Problem description>
Copy the lines below, please, starting with the one that contains "洋县漫香肆季春花卉水族店：洋县漫香肆季春花卉水族店电话 全国水族馆企业名录" and ending with the last. Pictures stay out.

Information provided>
----

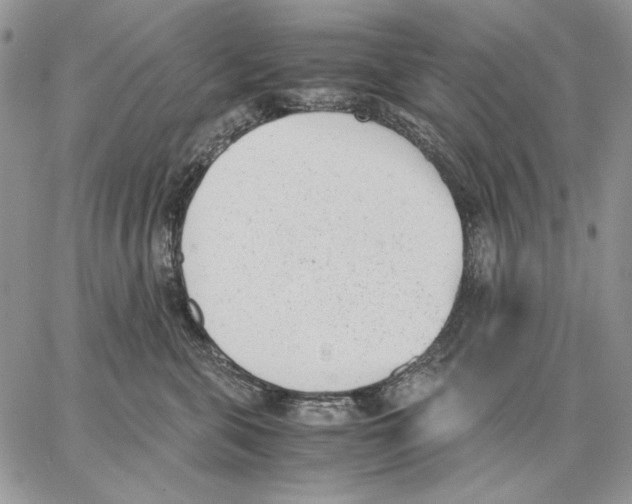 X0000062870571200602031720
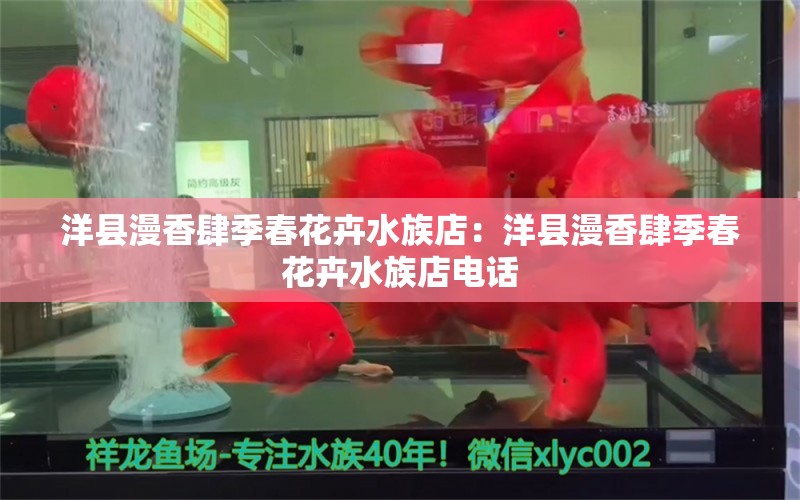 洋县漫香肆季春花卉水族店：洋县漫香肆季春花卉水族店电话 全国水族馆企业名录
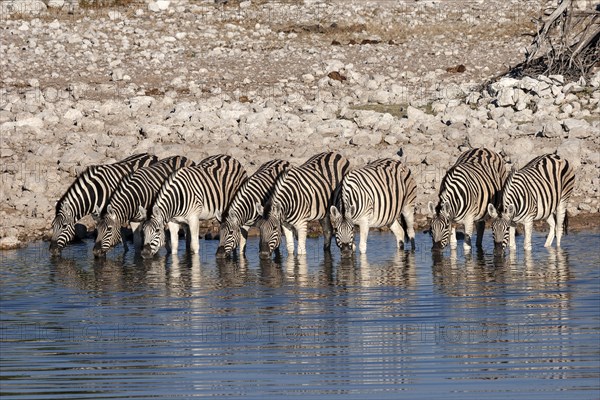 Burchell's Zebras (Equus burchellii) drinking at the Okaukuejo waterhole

----

The completed task>
 洋县漫香肆季春花卉水族店：洋县漫香肆季春花卉水族店电话 全国水族馆企业名录
 Burchell's Zebras (Equus burchellii) drinking at the Okaukuejo waterhole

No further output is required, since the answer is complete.